作家自身の境遇の特異、題材・設定の特異、文体の特異など、いわゆる刺激的?な小説を読み漁ったあとは、脳内を駆け巡る混乱を鎮めてくれる正統派の物語がうってつけです。
好きな作家が十何年ぶりに長編を出しました。蓮見圭一さんです。
「水曜の朝、午前三時」「かなしぃ」など、蓮見さんの物語は振り返り系が多く、センチメンタル濃度が濃いのだけど、年のせいか無条件にハマってしまう。
ジョージ・ハリスンの「Wtat is life」から取ったとかいう「美しき人生」
このタイトルだけを聞くと、あまりにもストレートで衒いがないため敬遠してしまうかもしれません。
でも、描かれているのは、「若さ」にもれなく付いてくるためらいや強がりや後悔や、そして情熱で、おそらく自分自身にもあったであろうこれらのひとつひとつを振り返ってみたくなる。
若い人間の時間は限られています。
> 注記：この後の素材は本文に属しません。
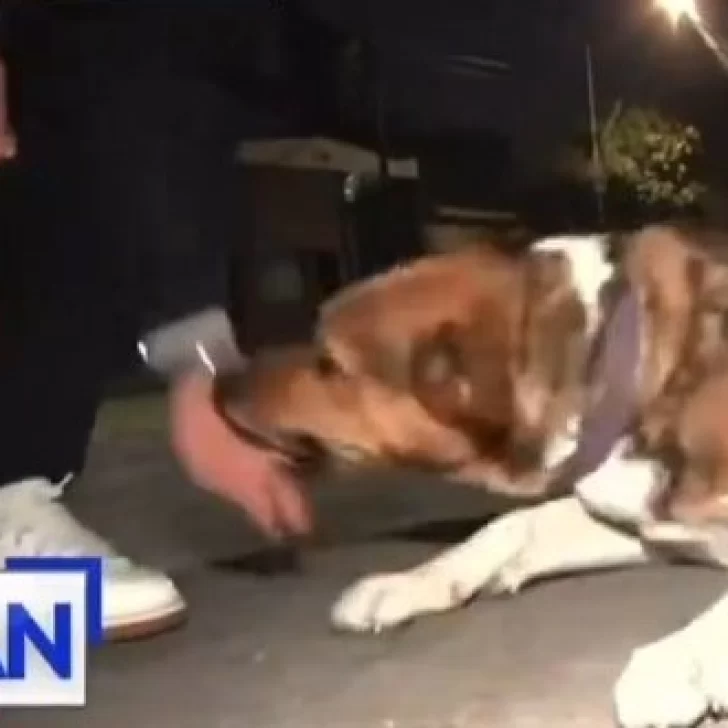 Un perro callejero mordió a un periodista en vivo y se volvió viral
しかも大事な時間はほとんど一瞬です。極限すればそれが人生だという気さえします。
彼女を抱きながら、自分は馬鹿だった、何て時間の無駄使いをしていたのかと悔やみました。もっと早くこうすべきだったのに、公園で犬の頭を撫でたり、駅前の書店で立ち読みをしたり、ああでもないこうでもないと迷っていたのです。
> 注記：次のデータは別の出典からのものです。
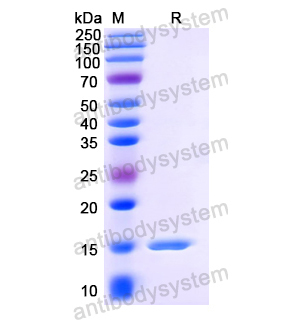 Anti-HIV1 Gag polyprotein Nanobody (SAA0889)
どんな話?と、あらすじをここで語るのは野暮というもんです。
だって自分の青春時代をたった100文字のあらすじで語れますか?語れるわけがありません。
人生はすべてディテールの積み重ねで、あのときのあれが、後にこれとつながって、あのときの後悔がのちの情熱につながって、一度きりの出会いのあのひと言がいつしか大きな影響となって立ち現れてくるのですから。
こうやって思い出すのはセンチメンタル?
この小説をオヤジたちの懐古物語、と切り捨ててしまうのは簡単です。
でも誰にだってセンチというひと言で放り投げてしまうには惜しい宝物を抱えています。
最近思います。
テレビで昔の映像〜例えばビートルズ来日コンサートで泣き叫ぶ少女たちや、ジュリアナ東京で恐る女性たち〜を見ると、ああこの子たちは今何才なんだろう。もうおばあちゃん、なんだ、と。
そんな一人ひとりに「美しき人生」があったんだなと感じ入ってしまうのです。
だから、気恥ずかしいかもしれませんが、思いっきりセンチに浸ろう。
過去を語りながら、未来への希望を抱かせてくれる、本当にステキな小説です。